• Brief: Write the records out again, exactly as they stand below.

• Supplied material:
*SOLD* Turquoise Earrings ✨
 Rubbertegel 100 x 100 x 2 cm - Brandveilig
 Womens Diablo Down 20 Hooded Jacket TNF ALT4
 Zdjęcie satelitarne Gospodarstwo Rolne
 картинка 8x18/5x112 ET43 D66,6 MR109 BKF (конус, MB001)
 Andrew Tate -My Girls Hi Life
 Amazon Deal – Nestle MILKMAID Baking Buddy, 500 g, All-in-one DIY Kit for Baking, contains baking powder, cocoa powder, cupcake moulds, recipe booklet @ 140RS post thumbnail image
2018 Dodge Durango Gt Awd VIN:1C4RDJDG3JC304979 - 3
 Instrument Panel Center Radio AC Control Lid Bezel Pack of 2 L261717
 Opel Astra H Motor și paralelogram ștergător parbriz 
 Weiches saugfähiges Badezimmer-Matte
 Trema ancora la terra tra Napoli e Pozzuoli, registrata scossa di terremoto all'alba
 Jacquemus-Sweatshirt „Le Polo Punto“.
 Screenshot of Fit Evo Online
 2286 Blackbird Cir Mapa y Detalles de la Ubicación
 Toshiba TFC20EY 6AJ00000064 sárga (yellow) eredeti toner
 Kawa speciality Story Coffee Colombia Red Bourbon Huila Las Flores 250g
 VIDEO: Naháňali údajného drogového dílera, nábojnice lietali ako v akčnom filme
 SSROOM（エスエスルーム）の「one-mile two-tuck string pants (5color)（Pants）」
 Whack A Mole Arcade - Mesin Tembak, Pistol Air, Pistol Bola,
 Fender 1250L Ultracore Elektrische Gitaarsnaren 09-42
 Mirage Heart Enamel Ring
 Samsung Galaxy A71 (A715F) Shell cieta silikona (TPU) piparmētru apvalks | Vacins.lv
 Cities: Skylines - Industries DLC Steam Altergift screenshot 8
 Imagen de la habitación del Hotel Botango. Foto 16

• Answer to this exercise:
*SOLD* Turquoise Earrings ✨
 Rubbertegel 100 x 100 x 2 cm - Brandveilig
 Womens Diablo Down 20 Hooded Jacket TNF ALT4
 Zdjęcie satelitarne Gospodarstwo Rolne
 картинка 8x18/5x112 ET43 D66,6 MR109 BKF (конус, MB001)
 Andrew Tate -My Girls Hi Life
 Amazon Deal – Nestle MILKMAID Baking Buddy, 500 g, All-in-one DIY Kit for Baking, contains baking powder, cocoa powder, cupcake moulds, recipe booklet @ 140RS post thumbnail image
2018 Dodge Durango Gt Awd VIN:1C4RDJDG3JC304979 - 3
 Instrument Panel Center Radio AC Control Lid Bezel Pack of 2 L261717
 Opel Astra H Motor și paralelogram ștergător parbriz 
 Weiches saugfähiges Badezimmer-Matte
 Trema ancora la terra tra Napoli e Pozzuoli, registrata scossa di terremoto all'alba
 Jacquemus-Sweatshirt „Le Polo Punto“.
 Screenshot of Fit Evo Online
 2286 Blackbird Cir Mapa y Detalles de la Ubicación
 Toshiba TFC20EY 6AJ00000064 sárga (yellow) eredeti toner
 Kawa speciality Story Coffee Colombia Red Bourbon Huila Las Flores 250g
 VIDEO: Naháňali údajného drogového dílera, nábojnice lietali ako v akčnom filme
 SSROOM（エスエスルーム）の「one-mile two-tuck string pants (5color)（Pants）」
 Whack A Mole Arcade - Mesin Tembak, Pistol Air, Pistol Bola,
 Fender 1250L Ultracore Elektrische Gitaarsnaren 09-42
 Mirage Heart Enamel Ring
 Samsung Galaxy A71 (A715F) Shell cieta silikona (TPU) piparmētru apvalks | Vacins.lv
 Cities: Skylines - Industries DLC Steam Altergift screenshot 8
 Imagen de la habitación del Hotel Botango. Foto 16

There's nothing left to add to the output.